EXTRACTED ENTRIES.
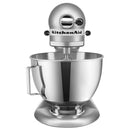  Couleur du fabricant_Argent Contour
  -- KitchenAid Ultra Plus Stand Mixer IMAGE 2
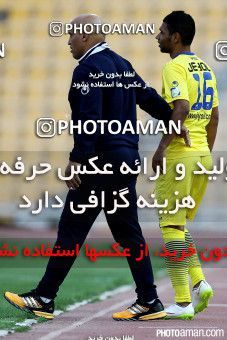 222703, Tehran, [*parameter:4*], لیگ برتر فوتبال ایران، Persian Gulf Cup، Week 29، Second Leg، Naft Tehran 1 v 0 Saba on 2015/05/10 at Takhti Stadium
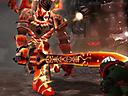 Warhammer 40,000: Dawn of War Screenshot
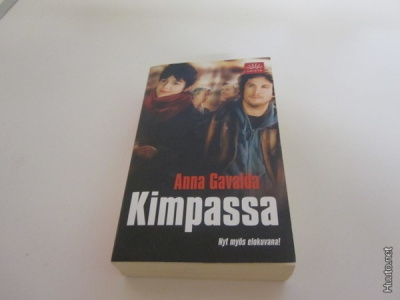 Anna Gavalda: Kimpassa
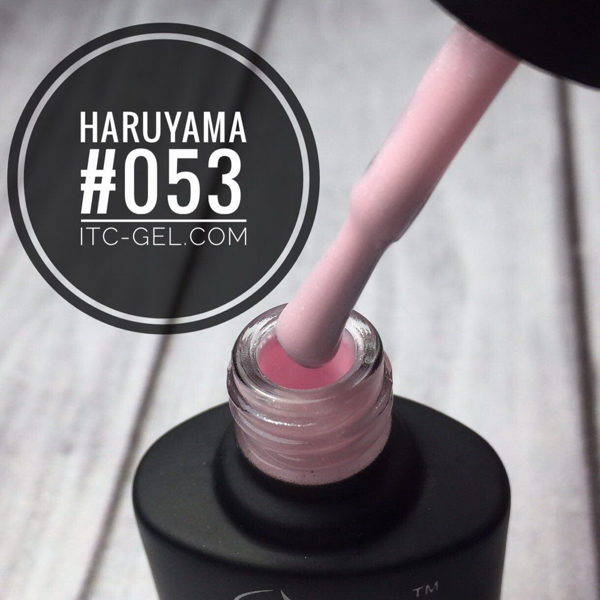 Haruyama laka 053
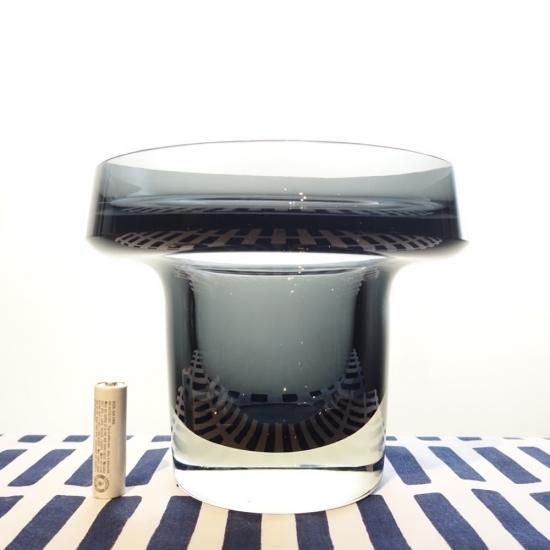 Kaj Franckカイ フランク KF486 ヌータヤルヴィ 北欧 ビンテージ ビンテージ北欧雑貨/Kaj Franck/カイ・フランク/Wineglass 1111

AIM OF THE TASK.
Write the data above out exactly. Leave out any pictures.

ANSWER SECTION.
  Couleur du fabricant_Argent Contour
  -- KitchenAid Ultra Plus Stand Mixer IMAGE 2
 222703, Tehran, [*parameter:4*], لیگ برتر فوتبال ایران، Persian Gulf Cup، Week 29، Second Leg، Naft Tehran 1 v 0 Saba on 2015/05/10 at Takhti Stadium
 Warhammer 40,000: Dawn of War Screenshot
 Anna Gavalda: Kimpassa
 Haruyama laka 053
 Kaj Franckカイ フランク KF486 ヌータヤルヴィ 北欧 ビンテージ ビンテージ北欧雑貨/Kaj Franck/カイ・フランク/Wineglass 1111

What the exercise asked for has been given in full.